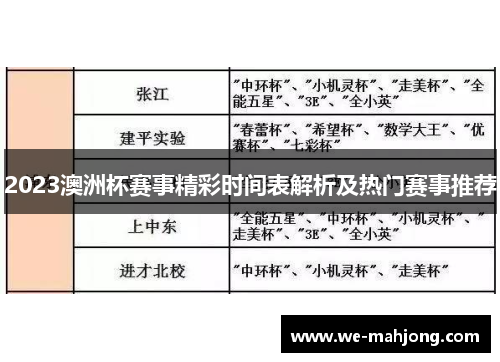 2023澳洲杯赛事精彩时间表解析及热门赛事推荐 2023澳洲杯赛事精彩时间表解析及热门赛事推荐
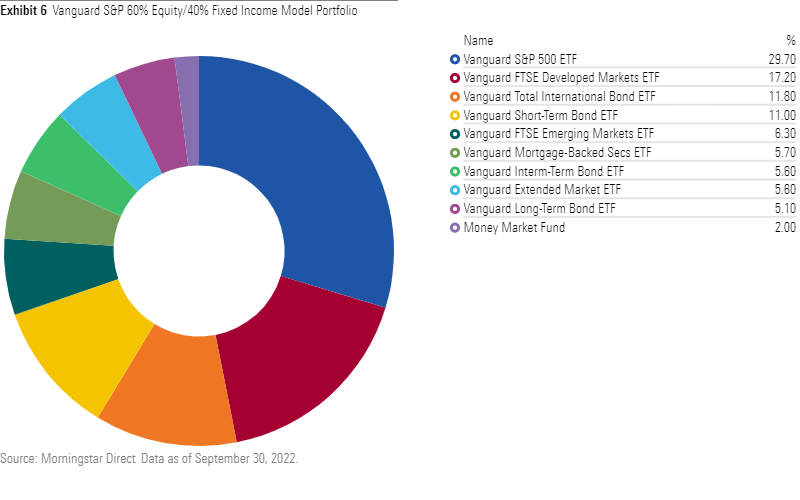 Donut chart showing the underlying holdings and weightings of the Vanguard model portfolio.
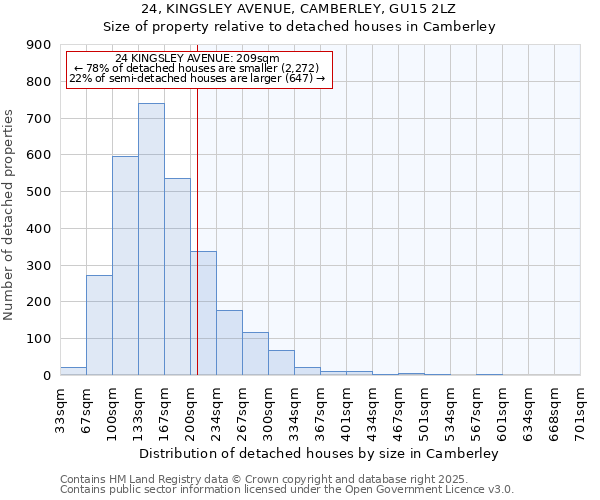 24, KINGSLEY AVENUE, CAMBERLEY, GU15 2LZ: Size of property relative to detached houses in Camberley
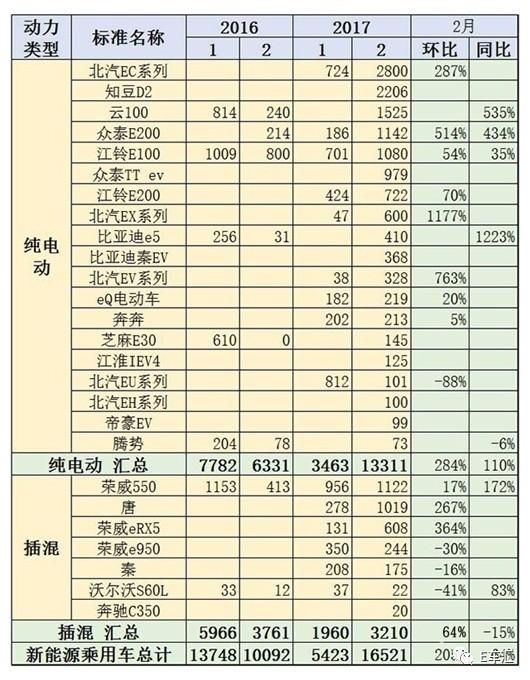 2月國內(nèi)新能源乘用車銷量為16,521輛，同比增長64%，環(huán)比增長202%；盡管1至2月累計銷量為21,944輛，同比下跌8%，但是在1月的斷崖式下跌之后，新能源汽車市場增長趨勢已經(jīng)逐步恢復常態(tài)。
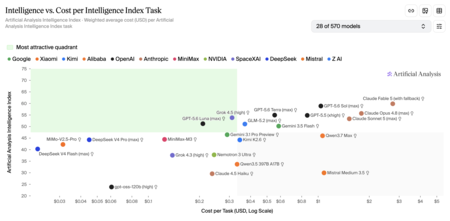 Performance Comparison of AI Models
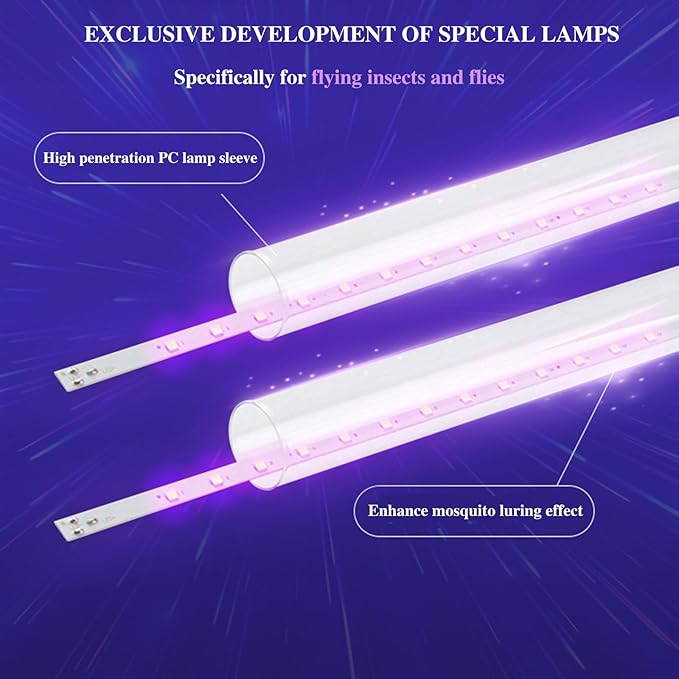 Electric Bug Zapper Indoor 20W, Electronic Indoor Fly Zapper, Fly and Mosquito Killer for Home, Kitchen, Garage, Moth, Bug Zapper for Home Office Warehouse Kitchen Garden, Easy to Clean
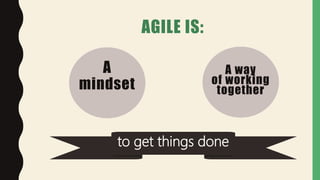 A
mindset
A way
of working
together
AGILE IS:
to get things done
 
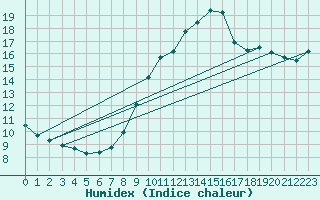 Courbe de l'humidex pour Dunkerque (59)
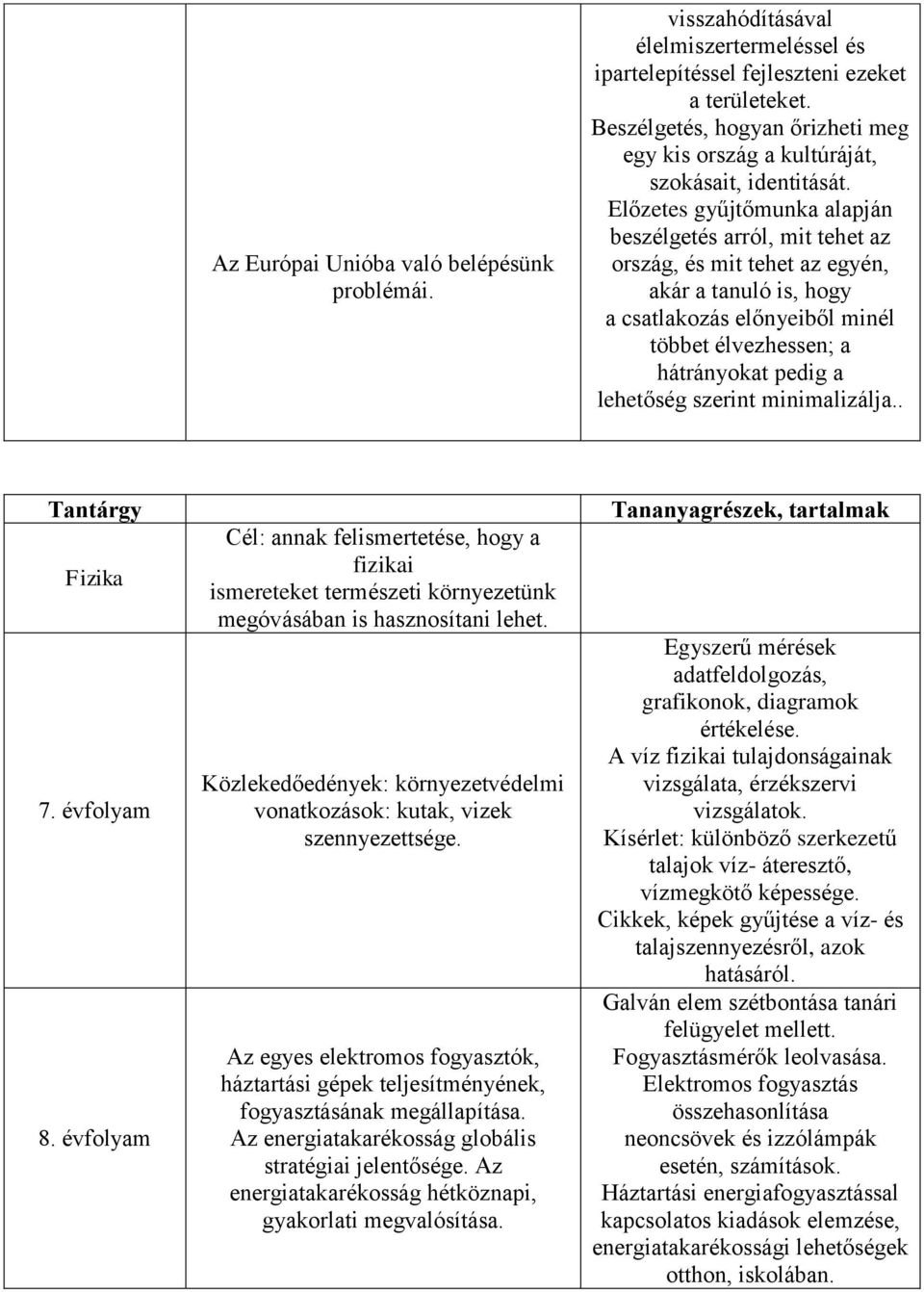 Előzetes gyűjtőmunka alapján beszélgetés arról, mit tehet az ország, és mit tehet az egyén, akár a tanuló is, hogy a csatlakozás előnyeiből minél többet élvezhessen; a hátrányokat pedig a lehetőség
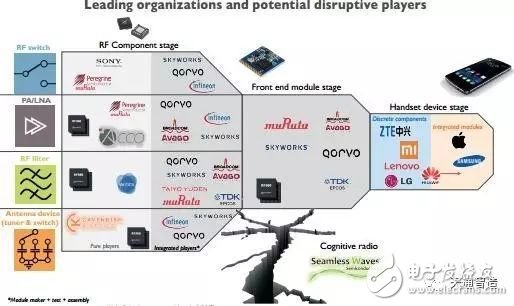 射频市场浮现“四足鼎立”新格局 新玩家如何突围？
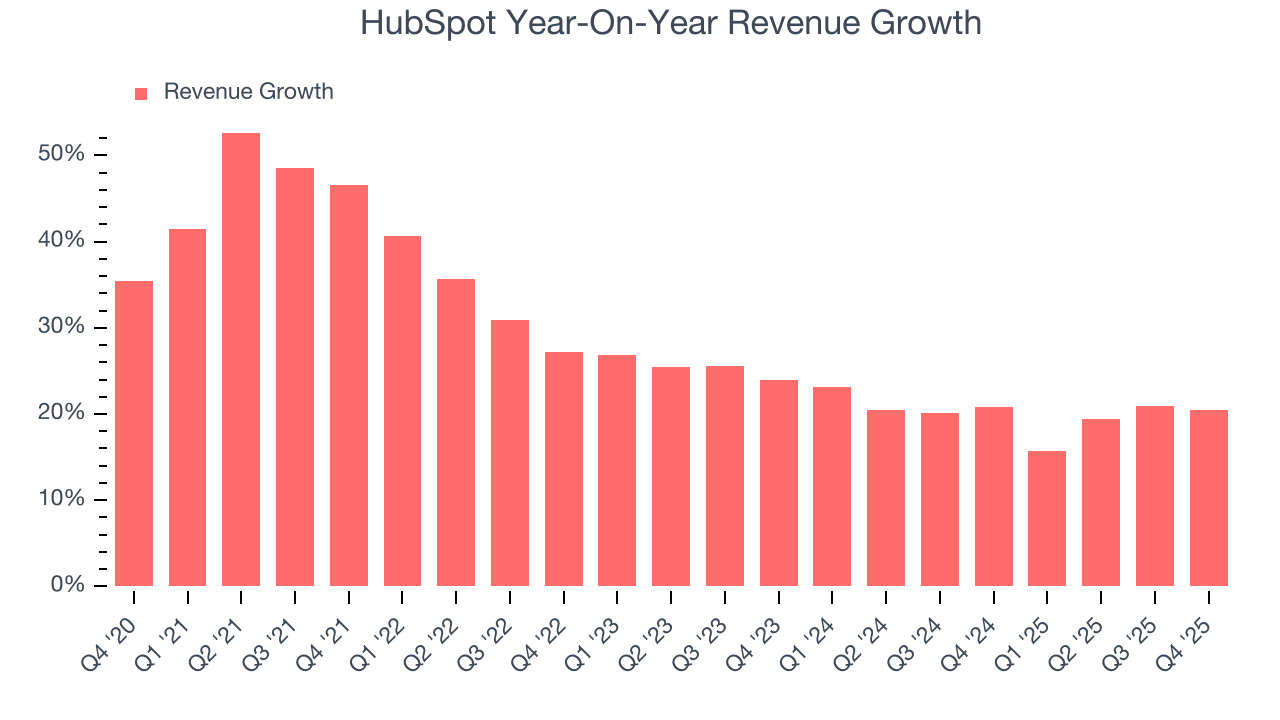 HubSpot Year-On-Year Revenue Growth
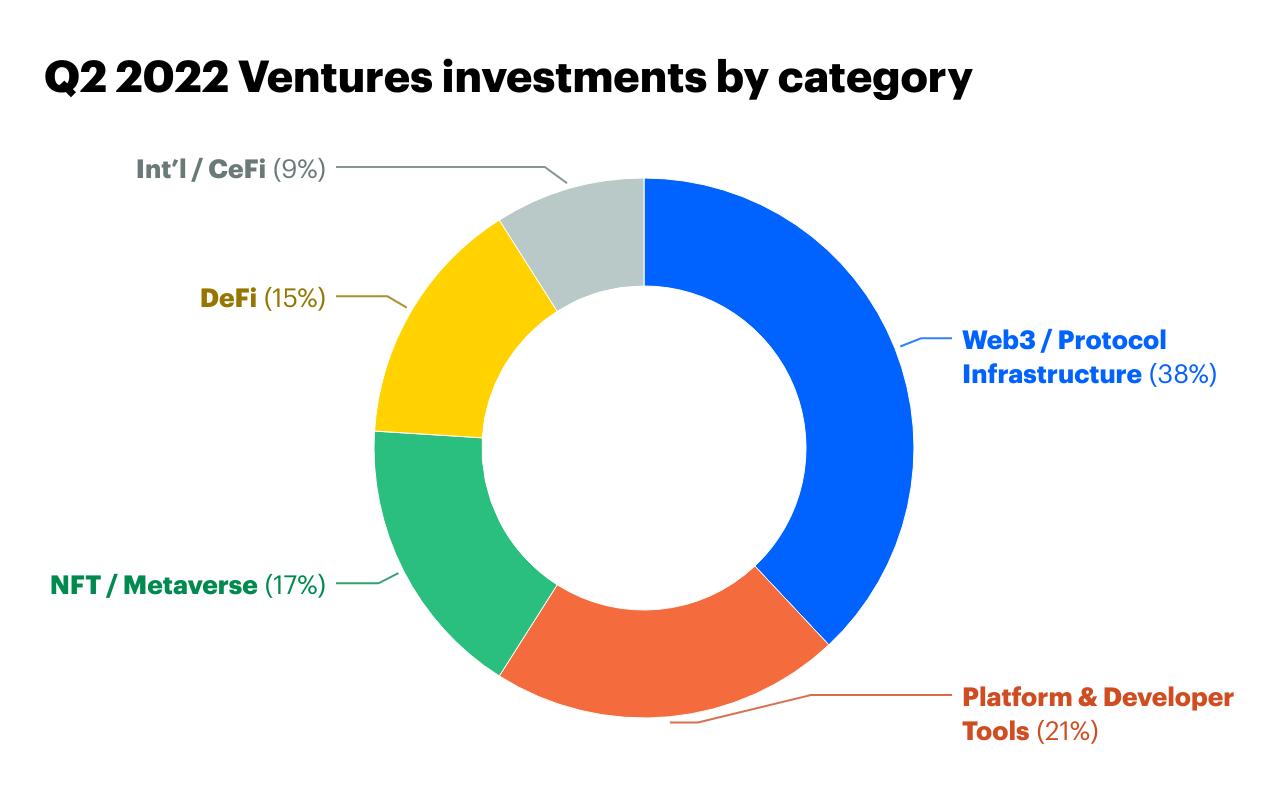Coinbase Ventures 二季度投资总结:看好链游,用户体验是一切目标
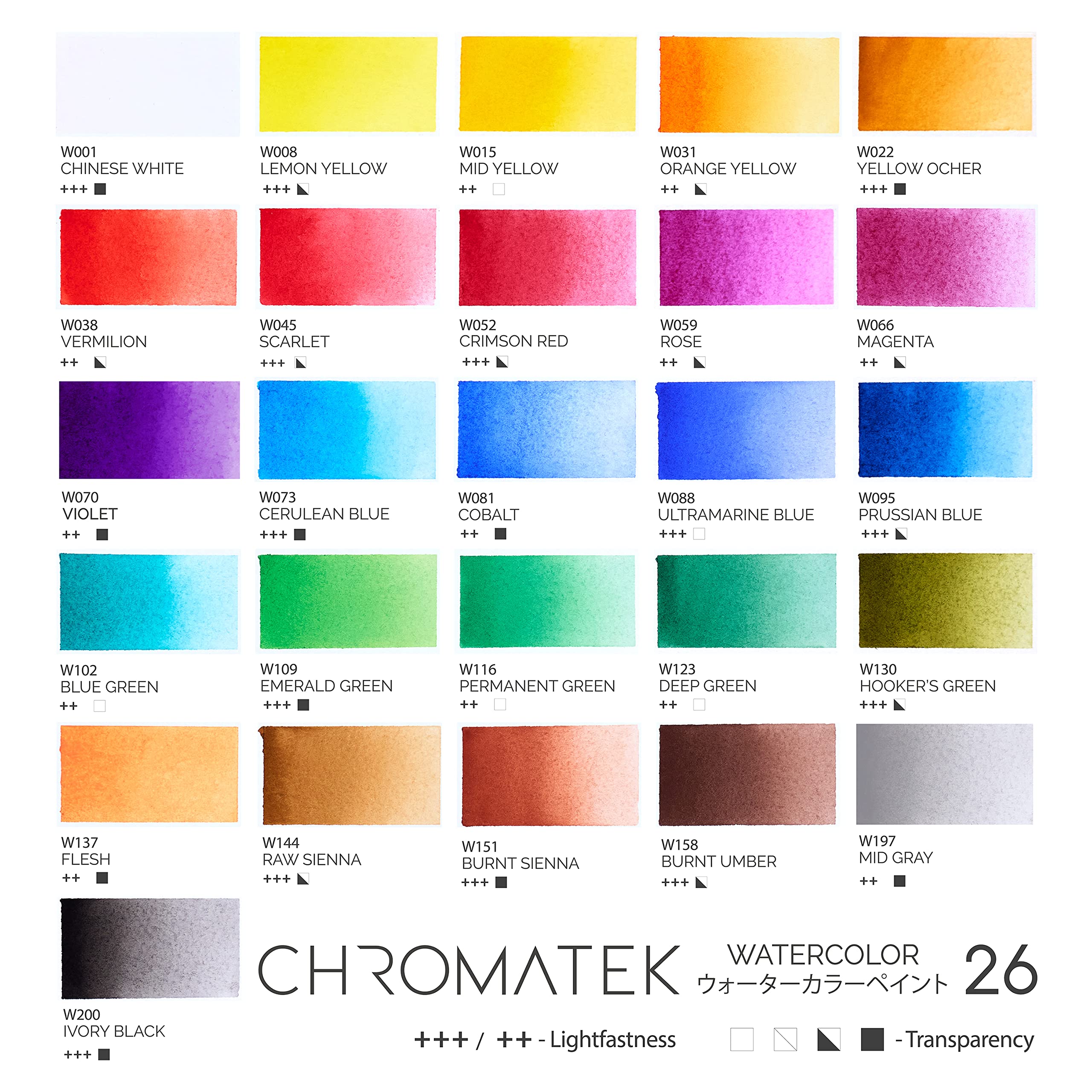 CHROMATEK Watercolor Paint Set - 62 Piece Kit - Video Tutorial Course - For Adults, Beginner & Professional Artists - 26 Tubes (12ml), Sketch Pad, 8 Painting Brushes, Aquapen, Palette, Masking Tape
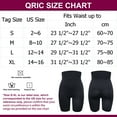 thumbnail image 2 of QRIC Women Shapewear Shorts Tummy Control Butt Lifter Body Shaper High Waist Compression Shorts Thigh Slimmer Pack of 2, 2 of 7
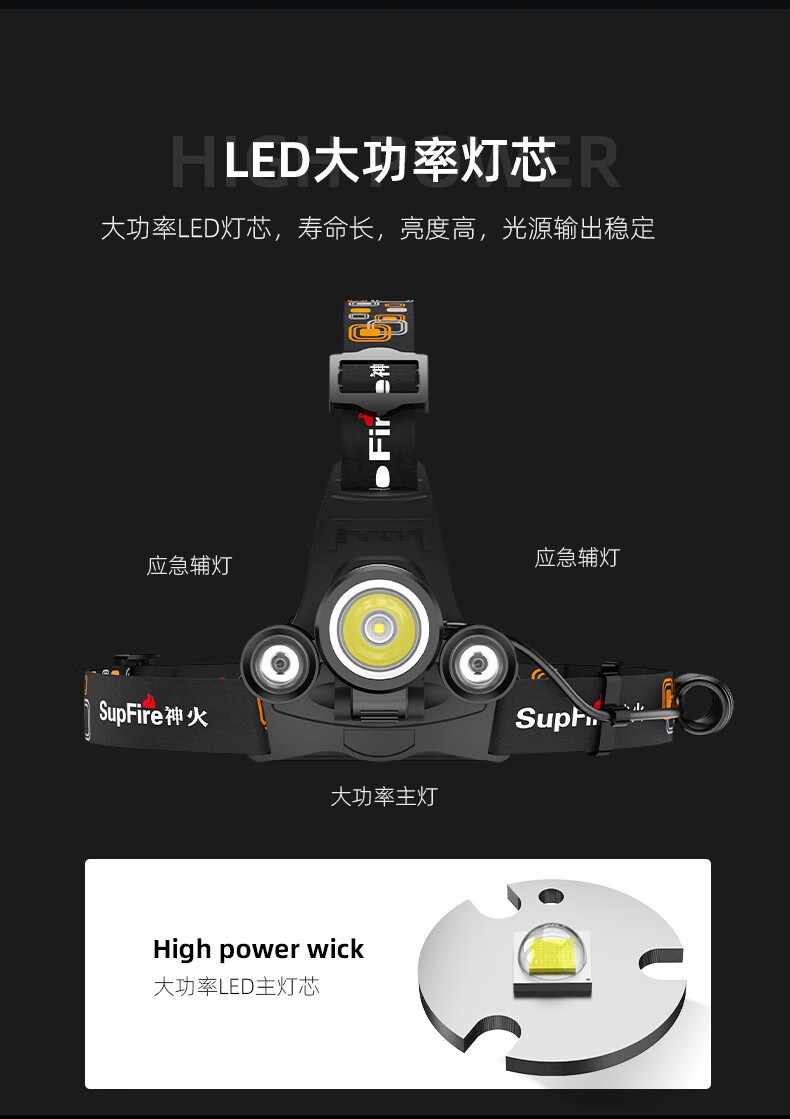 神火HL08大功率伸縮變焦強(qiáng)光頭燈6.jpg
════════
REQUIRED ACTION -> Reproduce the listing word for word, but keep the pictures out of it.

EXERCISE RESULT ->
 2023澳洲杯赛事精彩时间表解析及热门赛事推荐 2023澳洲杯赛事精彩时间表解析及热门赛事推荐
 Donut chart showing the underlying holdings and weightings of the Vanguard model portfolio.
 24, KINGSLEY AVENUE, CAMBERLEY, GU15 2LZ: Size of property relative to detached houses in Camberley
 2月國內(nèi)新能源乘用車銷量為16,521輛，同比增長64%，環(huán)比增長202%；盡管1至2月累計銷量為21,944輛，同比下跌8%，但是在1月的斷崖式下跌之后，新能源汽車市場增長趨勢已經(jīng)逐步恢復常態(tài)。
 Performance Comparison of AI Models
 Electric Bug Zapper Indoor 20W, Electronic Indoor Fly Zapper, Fly and Mosquito Killer for Home, Kitchen, Garage, Moth, Bug Zapper for Home Office Warehouse Kitchen Garden, Easy to Clean
 A
mindset
A way
of working
together
AGILE IS:
to get things done
 
 Courbe de l'humidex pour Dunkerque (59)
 Előzetes gyűjtőmunka alapján beszélgetés arról, mit tehet az ország, és mit tehet az egyén, akár a tanuló is, hogy a csatlakozás előnyeiből minél többet élvezhessen; a hátrányokat pedig a lehetőség
 射频市场浮现“四足鼎立”新格局 新玩家如何突围？
 HubSpot Year-On-Year Revenue Growth
Coinbase Ventures 二季度投资总结:看好链游,用户体验是一切目标
 CHROMATEK Watercolor Paint Set - 62 Piece Kit - Video Tutorial Course - For Adults, Beginner & Professional Artists - 26 Tubes (12ml), Sketch Pad, 8 Painting Brushes, Aquapen, Palette, Masking Tape
 thumbnail image 2 of QRIC Women Shapewear Shorts Tummy Control Butt Lifter Body Shaper High Waist Compression Shorts Thigh Slimmer Pack of 2, 2 of 7
 神火HL08大功率伸縮變焦強(qiáng)光頭燈6.jpg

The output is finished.